Validations of survival analysis and mRNA Expression at the Transcriptional Level
To further demonstrate the prognostic significance of 33 mRNAs screened from the ceRNA network, we selected external databases for survival analysis and validation with IHC images. Firstly, we input 33 screened mRNAs into HPA database (version 20.1; https://www.Proteinatlas.org/about/assays+annotation#tcga_survival) to validate whether they were associated with the prognosis of UCEC. Consequences revealed that 8 mRNAs(CBX2, CCL22, CCNE1, DLX4, IGFBP5, NR3C1, SOX11, POLQ) highly expressed in UCEC were closely related with its prognosis(log rank P values <0.001). Subsequently, we retrieved overall survival analyses of 8 mRNAs generated from GEPIA by filtered criteria of P values ≤0.1(although 0.11 was also considered as significant in this study) and verified 5 mRNAs (CCNE1, CCL22, NR3C1, IGFBP5 and POLQ).
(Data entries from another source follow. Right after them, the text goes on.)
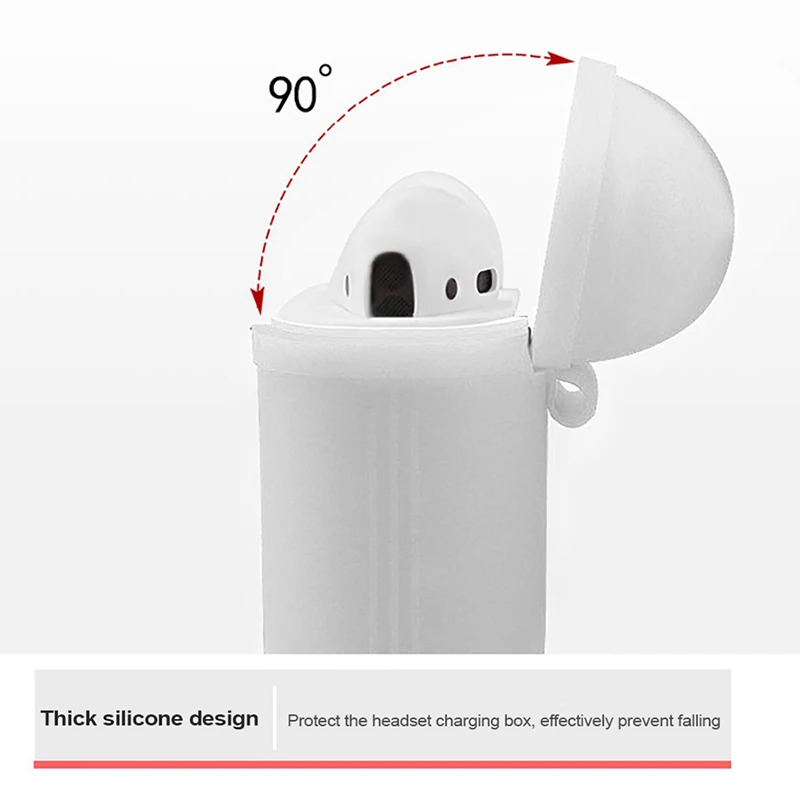 For Apple AirPods Earphone Case Accessories AirPod Case Luxury Cover For Airpods Apple Soft Silicone Protective Air Pods Cases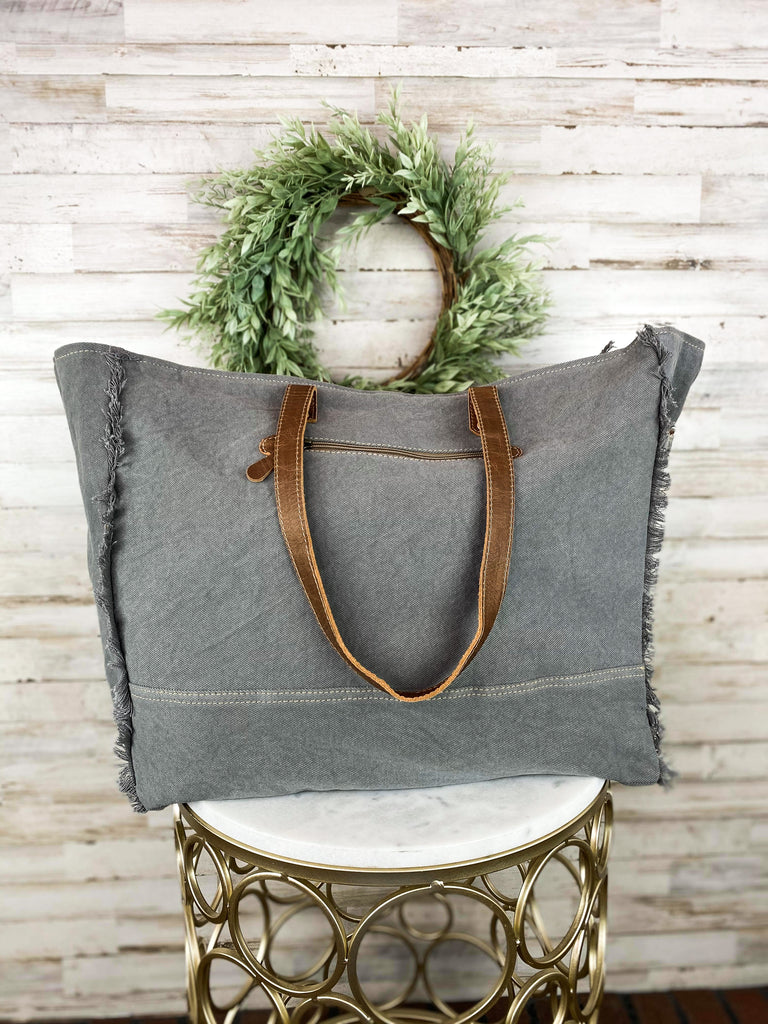 Multi-Colored Rug Weekender Handbag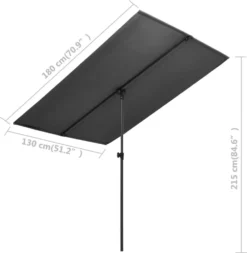 VidaXL Sonnenschirm Mit Aluminium-Mast 180 X 130 Cm Anthrazit -Grünwelt Exporteren Garten-Winkel 9df2f5075f497c7716ccea9539b3e1a7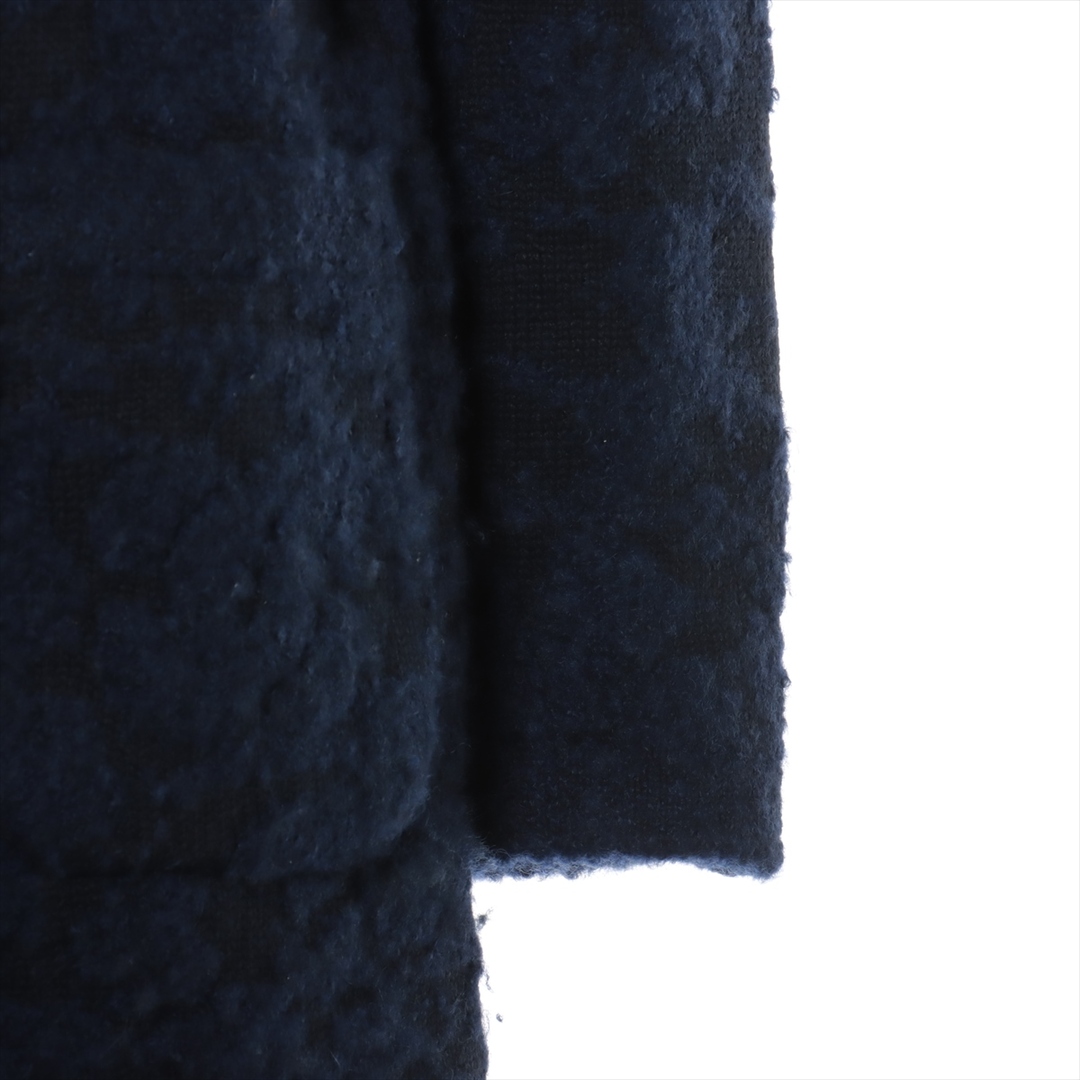 CHANEL(シャネル)のシャネル ココボタン ウール×シルク×アルパカ 36 ブルー レディース レディースのジャケット/アウター(その他)の商品写真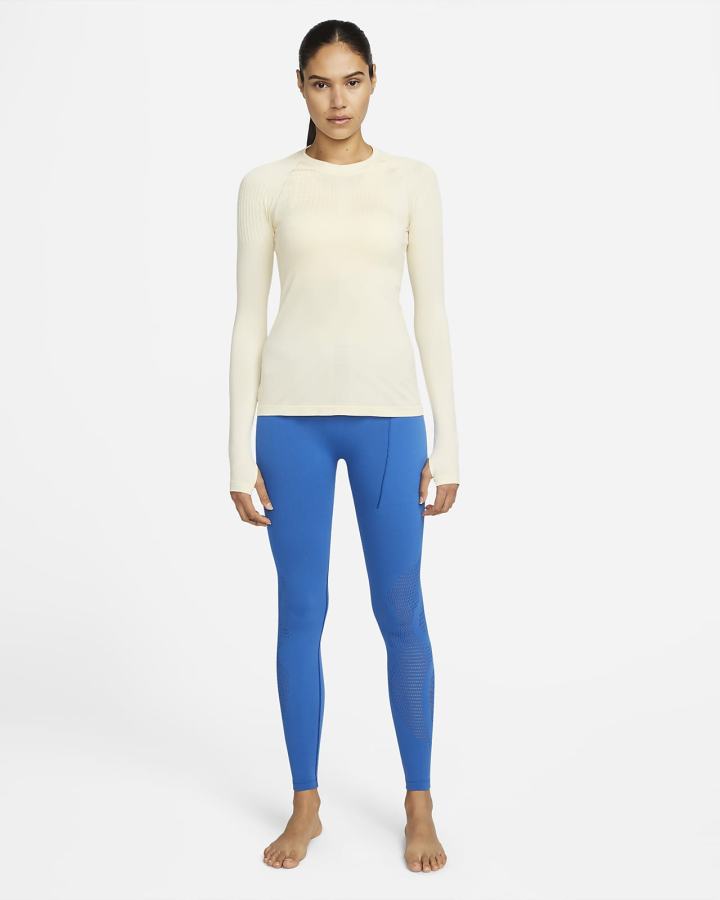 Camisas Nike x MMW Long-Sleeve Top Mujer Beige | FCHEY-3980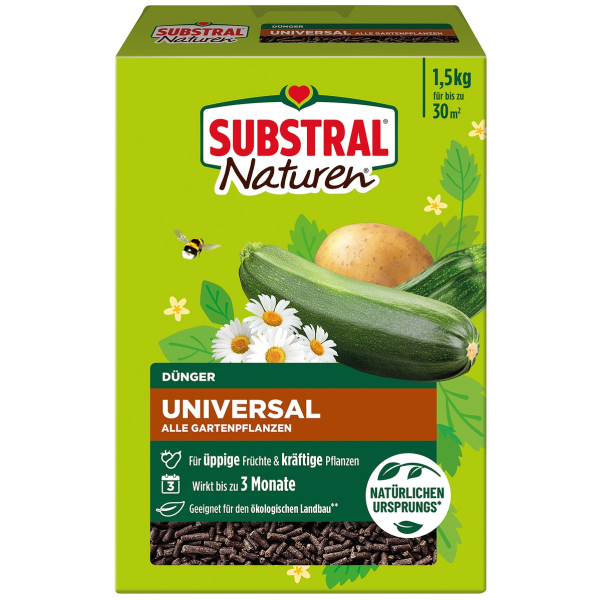 SUBSTRAL® Naturen® Universaldünger alle Gartenpflanzen für bis zu 30 m² - 1,5 kg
Based on two previous steps for external verifications, two IHC images of the last screened mRNAs (CCNE1, NR3C1) in the HPA database approved the same results (Fig.8A). Survival validations of 5 mRNAs including CCNE1, CCL22, NR3C1, IGFBP5 and POLQ from GEPIA were shown in the Fig.8B-8F. In this study, we identified 5 survival-related mRNAs, there were no related IHC samples of CCL22, IGFBP5 and POLQ but CCNE1 and NR3C1 to further validate in the HPA database. The translational expression level of CCNE1 and NR3C1 was positively linked with disease status, as they were up-regulated in UCEC samples.
Enrichment Analyses of Functional Pathways
To elucidate the biological functions represented in two profiles of identified DEmRNAs, we performed enrichment analyses mainly by "cluster profiler", with the standard of p <0. 05. In this study, GO analyses disclosed that top significant GO terms (p < 0. 05) commonly obtained from UCEC data in CPTAC (Fig.9A,9B) and TCGA database (Fig.9E,9F). The KEGG analyses revealed that what closely related to DEmRNAs originated from CPTAC were mainly enriched in pathways such as “cellular senescence”, “proteoglycans in cancer” and “microRNAs in cancer” (Fig.9C,9D)). The KEGG results derived from DEmRNAs in TCGA database were shown (Fig.9G,9H). The top 20 GO and KEGG results for TCGA and CPTAC database were provided in supplement Table 2.